DATA SHOWN:
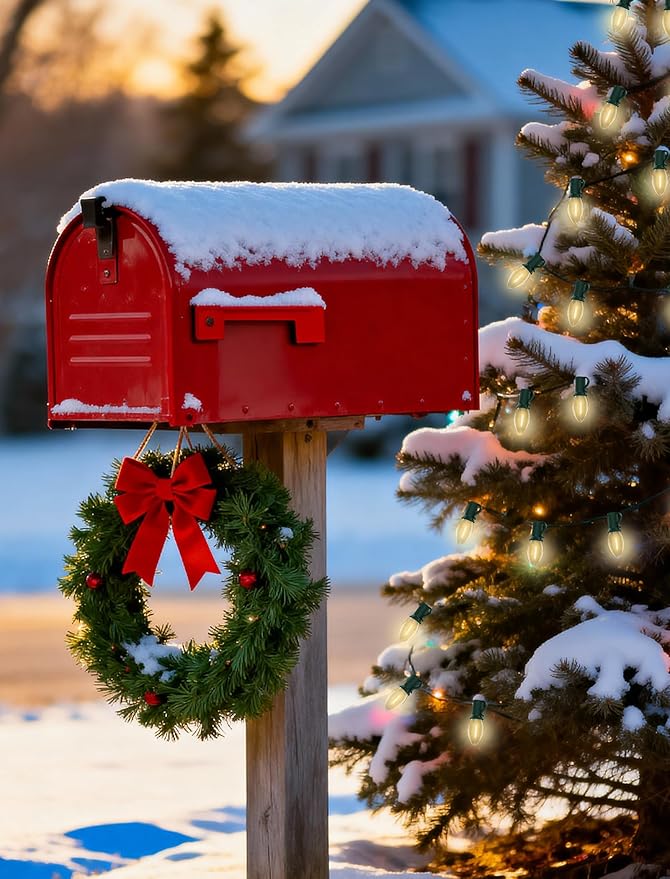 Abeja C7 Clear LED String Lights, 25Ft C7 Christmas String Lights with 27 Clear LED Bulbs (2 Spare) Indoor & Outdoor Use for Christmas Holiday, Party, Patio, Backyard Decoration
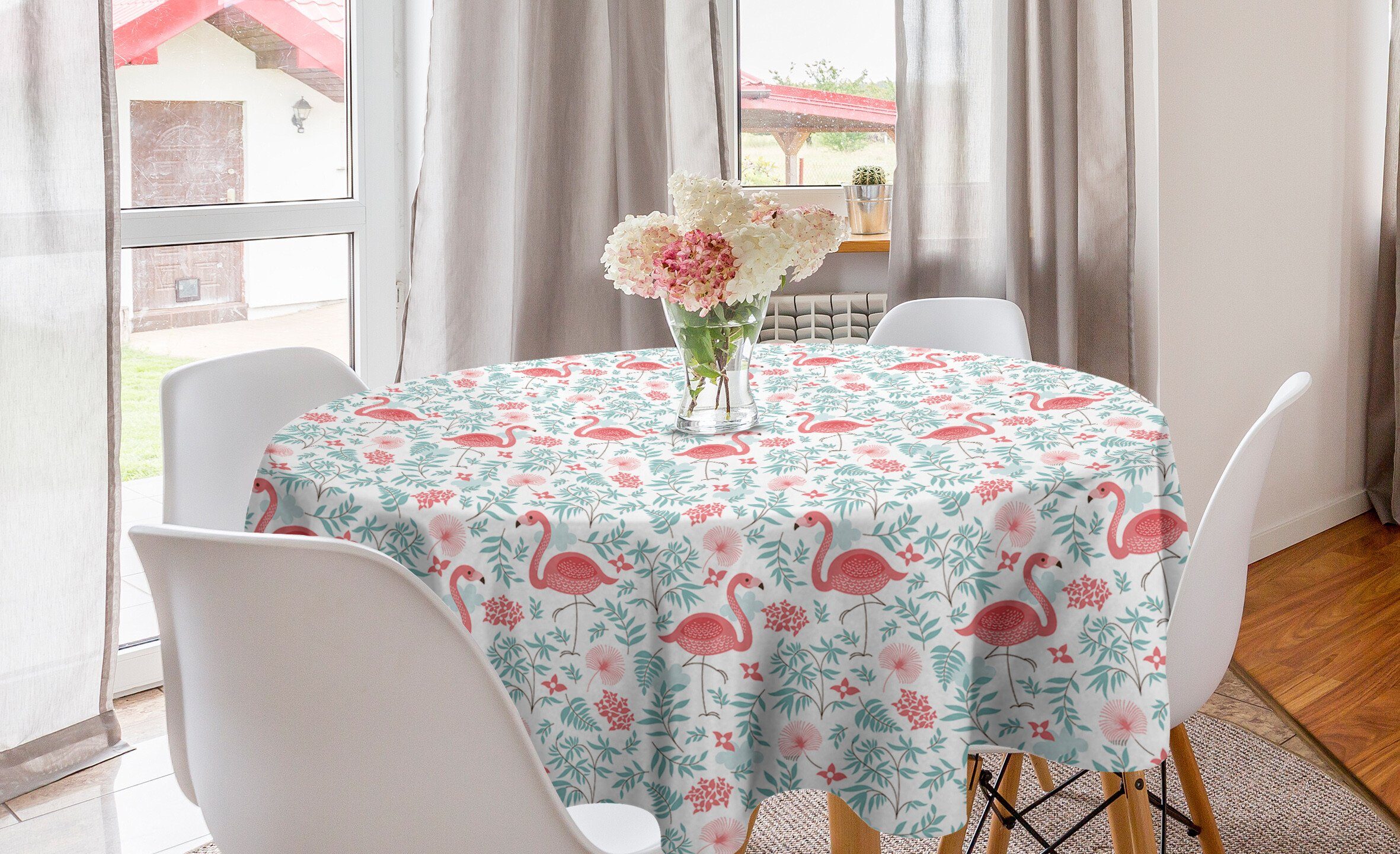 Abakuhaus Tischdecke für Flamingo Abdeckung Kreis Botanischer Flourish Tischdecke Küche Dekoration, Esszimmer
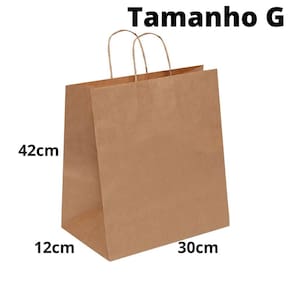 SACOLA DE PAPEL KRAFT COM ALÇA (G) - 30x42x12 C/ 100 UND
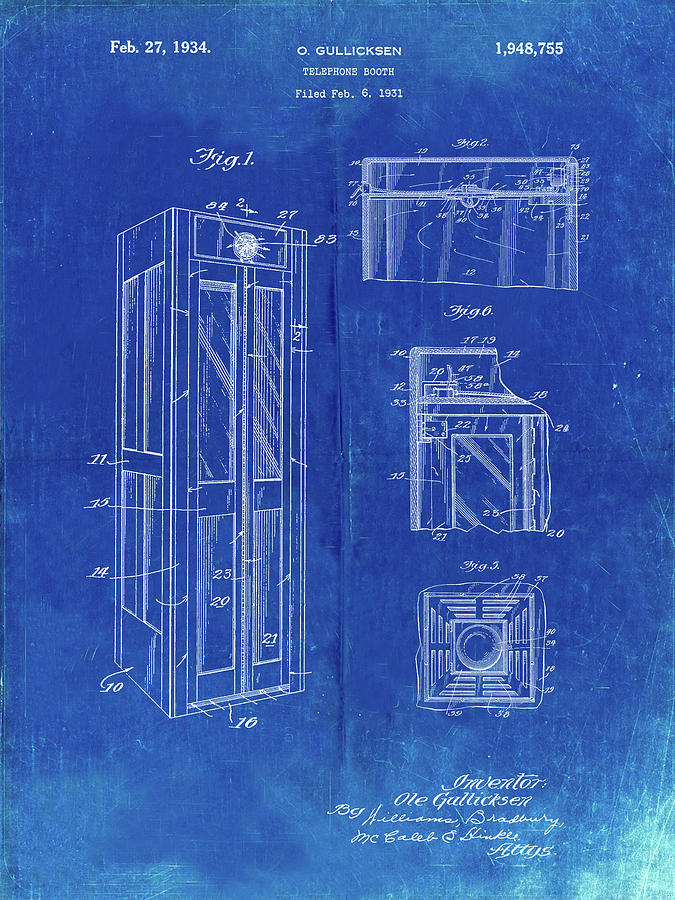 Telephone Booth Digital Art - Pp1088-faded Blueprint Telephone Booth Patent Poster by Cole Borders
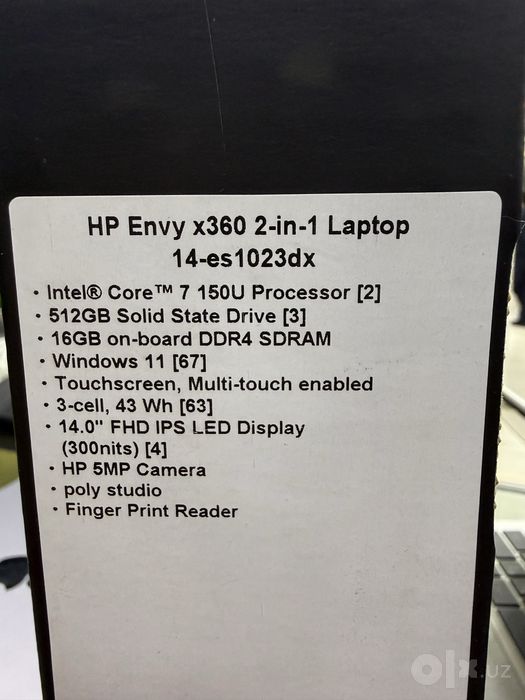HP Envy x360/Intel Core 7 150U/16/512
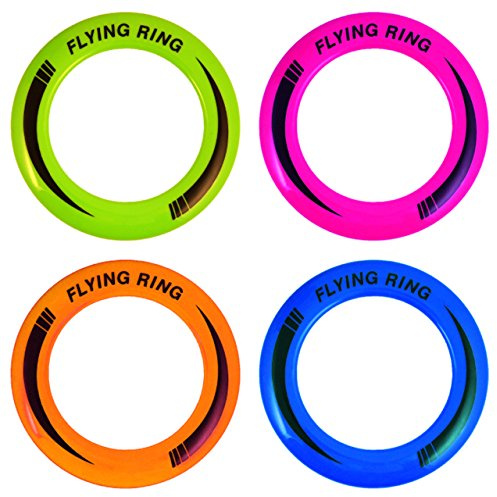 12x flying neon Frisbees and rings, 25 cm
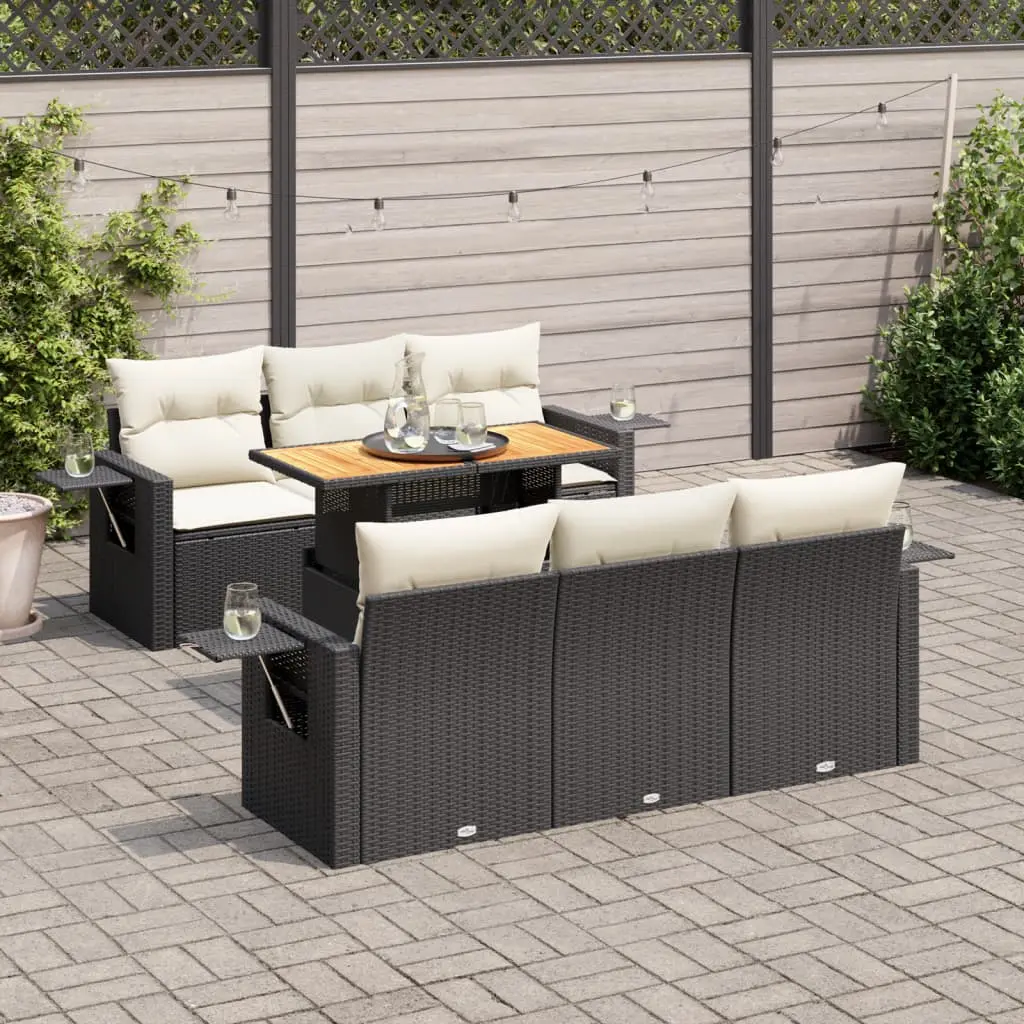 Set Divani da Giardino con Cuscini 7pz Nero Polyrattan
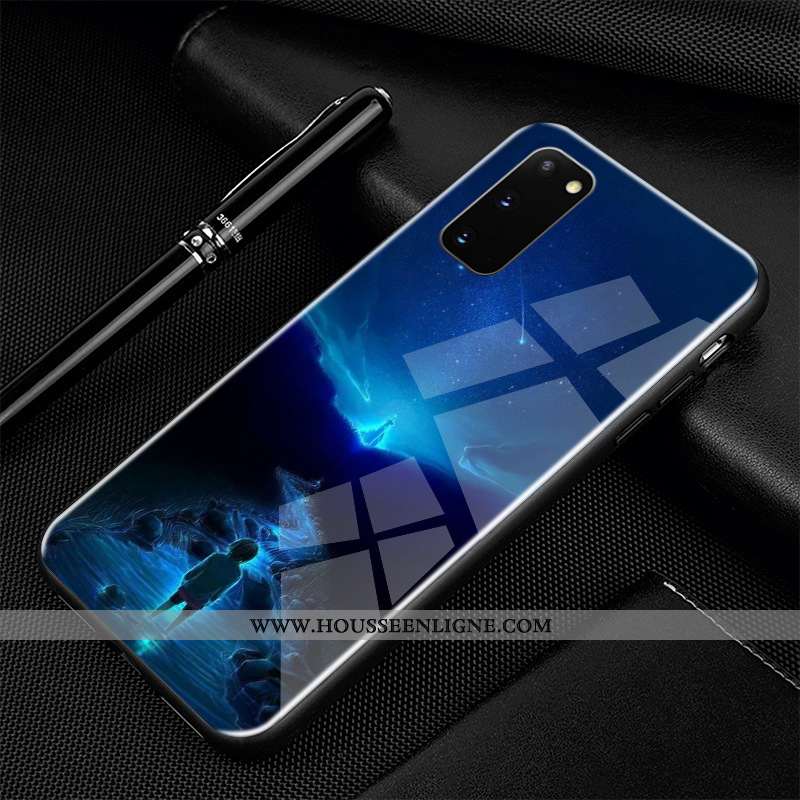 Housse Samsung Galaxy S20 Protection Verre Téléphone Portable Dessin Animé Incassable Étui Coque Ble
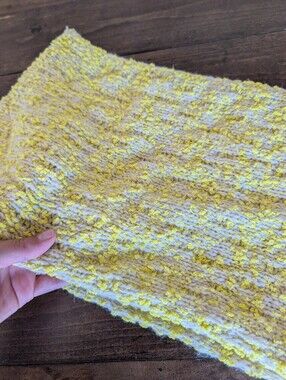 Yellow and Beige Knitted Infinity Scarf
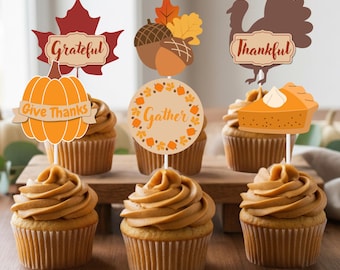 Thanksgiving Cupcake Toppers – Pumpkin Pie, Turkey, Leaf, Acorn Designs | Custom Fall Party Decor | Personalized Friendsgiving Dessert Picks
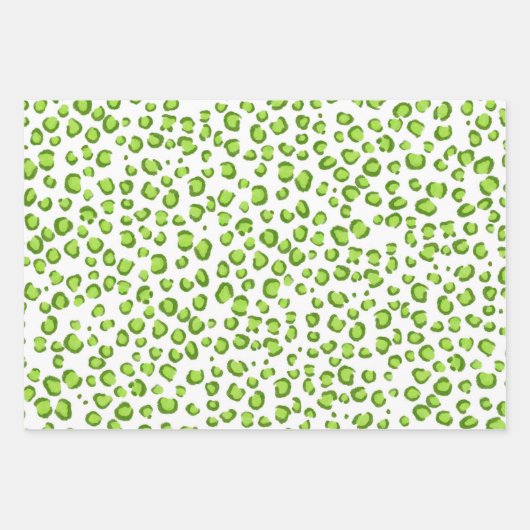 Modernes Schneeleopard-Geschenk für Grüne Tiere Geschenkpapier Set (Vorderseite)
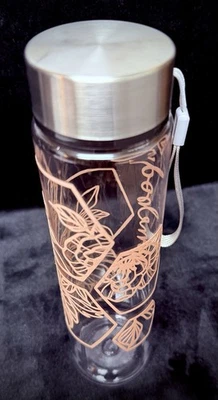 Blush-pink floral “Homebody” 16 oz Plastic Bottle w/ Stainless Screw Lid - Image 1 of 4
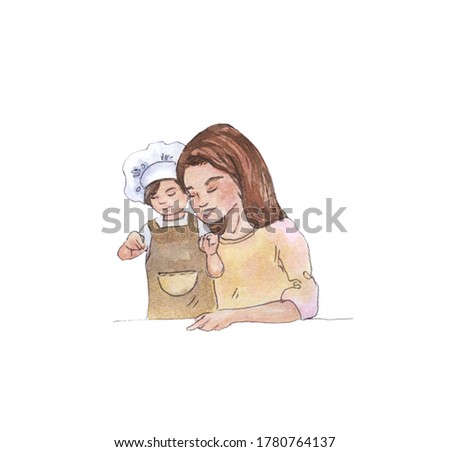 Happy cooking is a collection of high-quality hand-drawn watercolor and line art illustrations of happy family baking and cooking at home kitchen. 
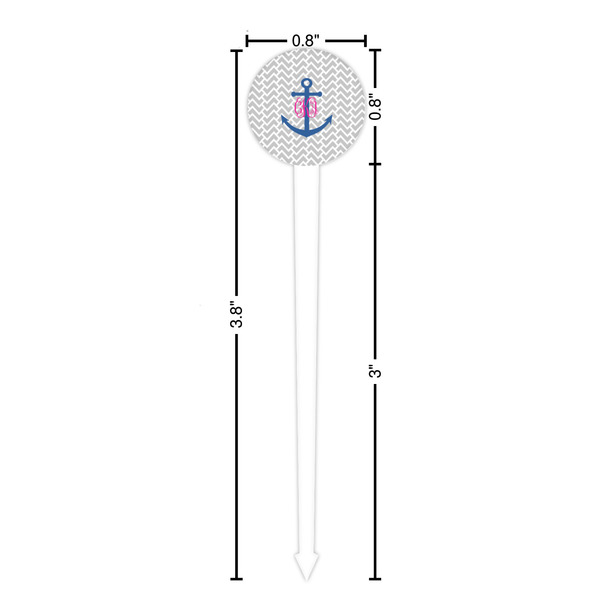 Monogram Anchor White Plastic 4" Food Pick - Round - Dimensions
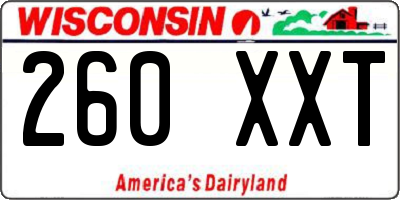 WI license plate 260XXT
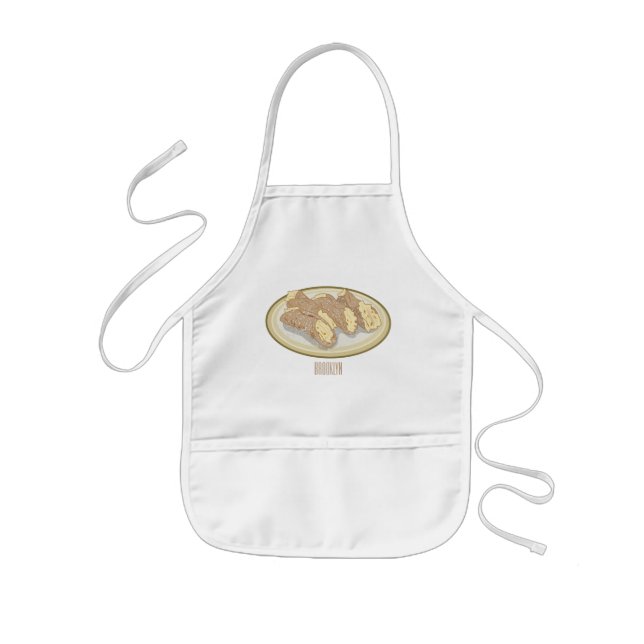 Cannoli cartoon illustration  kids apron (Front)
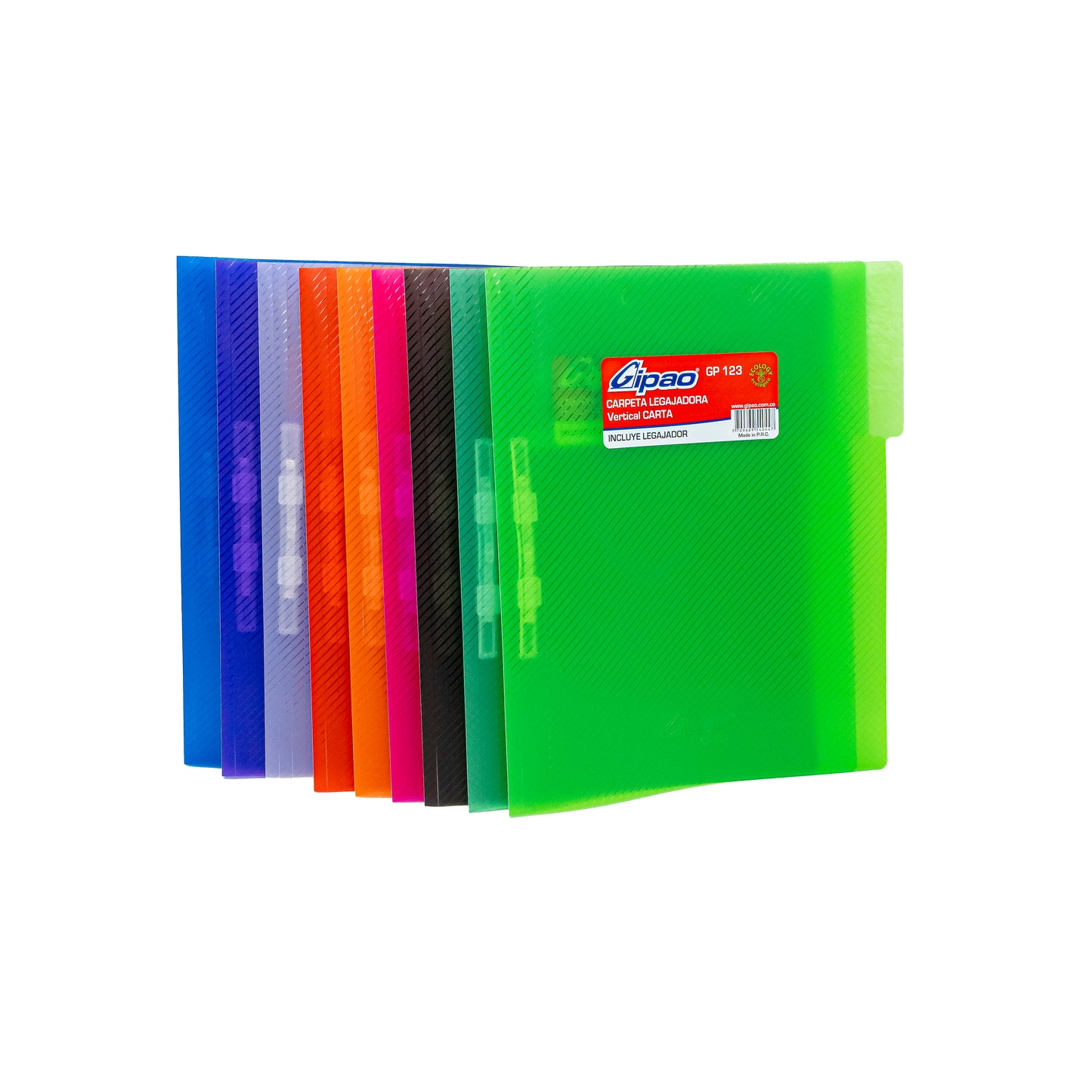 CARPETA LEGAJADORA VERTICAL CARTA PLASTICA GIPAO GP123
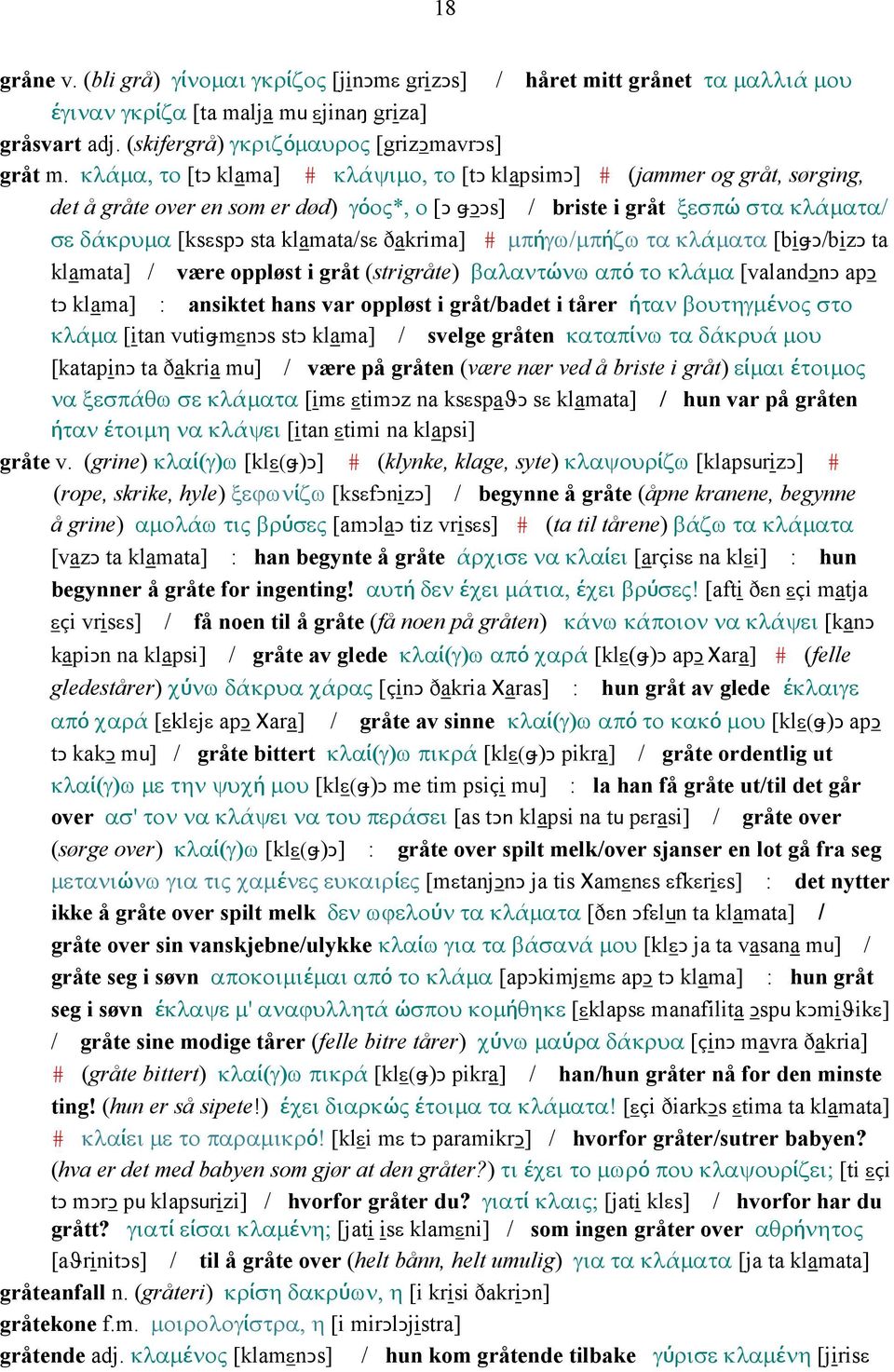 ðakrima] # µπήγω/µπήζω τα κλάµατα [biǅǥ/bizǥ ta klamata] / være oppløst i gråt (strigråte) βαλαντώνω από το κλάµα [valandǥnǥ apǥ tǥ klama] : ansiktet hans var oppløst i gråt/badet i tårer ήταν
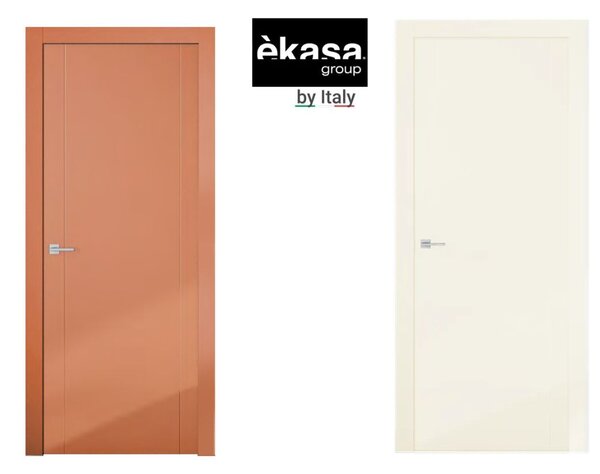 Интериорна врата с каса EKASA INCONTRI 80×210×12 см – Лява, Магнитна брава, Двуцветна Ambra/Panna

TASK PROMPT:
Each line from the one containing "WI license plate 260XXT" down to the final line of the records above must be reproduced exactly; no pictures go into the copy.

OUTPUT FOR THIS TASK:
 WI license plate 260XXT
 Cannoli cartoon illustration  kids apron (Front)
 CARPETA LEGAJADORA VERTICAL CARTA PLASTICA GIPAO GP123
 ðakrima] # µπήγω/µπήζω τα κλάµατα [biǅǥ/bizǥ ta klamata] / være oppløst i gråt (strigråte) βαλαντώνω από το κλάµα [valandǥnǥ apǥ tǥ klama] : ansiktet hans var oppløst i gråt/badet i tårer ήταν
 Интериорна врата с каса EKASA INCONTRI 80×210×12 см – Лява, Магнитна брава, Двуцветна Ambra/Panna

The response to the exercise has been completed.